As indicated in Judge Cook’s opinion, the critical decision to be made by the members in this case was whether to believe the appellant’s testimony that the charged crimes did not occur or the alleged victim’s testimony that they had occurred. In its admitted but uninstructed form, the members could consider this inadmissible hearsay testimony of the mother as independent substantive evidence that a crime in fact had occurred.2 This was obviously prejudicial to the appellant. It also could be considered by the members3 as corroborative evidence which bolstered the credibility of the alleged victim or her testimony. This also prejudiced the appellant. Finally, its introduction into the case prevented the appellant from effectively attacking the *286credibility of the alleged victim for a failure to complain about the offense.4

This inadmissible hearsay testimony of the mother was constantly referred to at the trial by all the participants. In my opinion, to deny the mistrial, yet allow the inadmissible hearsay evidence to remain before these members not properly instructed as to its use, was prejudicial error sufficient to require reversal of this conviction. See United States v. Rosser, 6 M.J. 267, 271 (C.M.A.1979).
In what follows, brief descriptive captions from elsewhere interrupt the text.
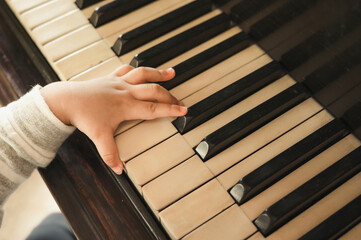 Cute little baby boy plays piano at home © grooveriderz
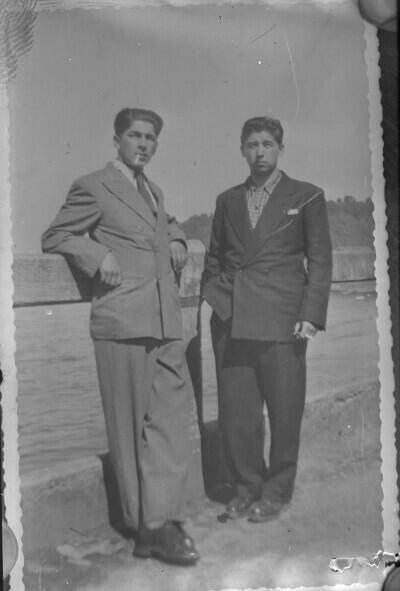 Reproducción de fotografía. Retrato de plano entero de dos hombres con Traje, uno de ellos con un cigarrillo en la boca, afirmados de una baranda en un lugar no identificado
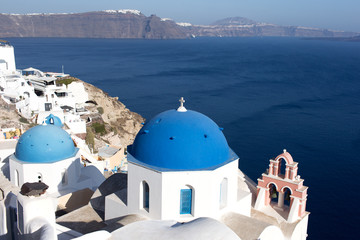 Fototapeta na wymiar Santorini Island - view of the white city and the blue sea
. Unlike the situation in United States v. Rener, 17 U.S.C.M.A. 65, 37 C.M.R. 329 (1967), it is not known for what purpose Jackie’s statement was originally admitted at trial by the military judge. However, his failure to give any limiting instruction as to its use by the members (see para. 73a, Manual for Courts-Martial, United States, 1969 (Revised edition)), and his later ruling make clear that he considered this evidence inadmissible for any purpose. In addition to the portion of his remarks cited by Judge Cook, he continued, “ . . now do you want me to admonish the court members to completely put that out of their minds or do you want to let it go?”

. The mere fact that the military judge did not treat his testimony as evidence of fresh complaint (see para. 142c, Manual, supra) does not make this testimony admissible on other grounds. In any event, the members could still use this testimony as incompetent evidence of the appellant’s guilt, i. e., the appellant is guilty because the mother testified that Jackie said he was guilty. See para. 139a, Manual, supra.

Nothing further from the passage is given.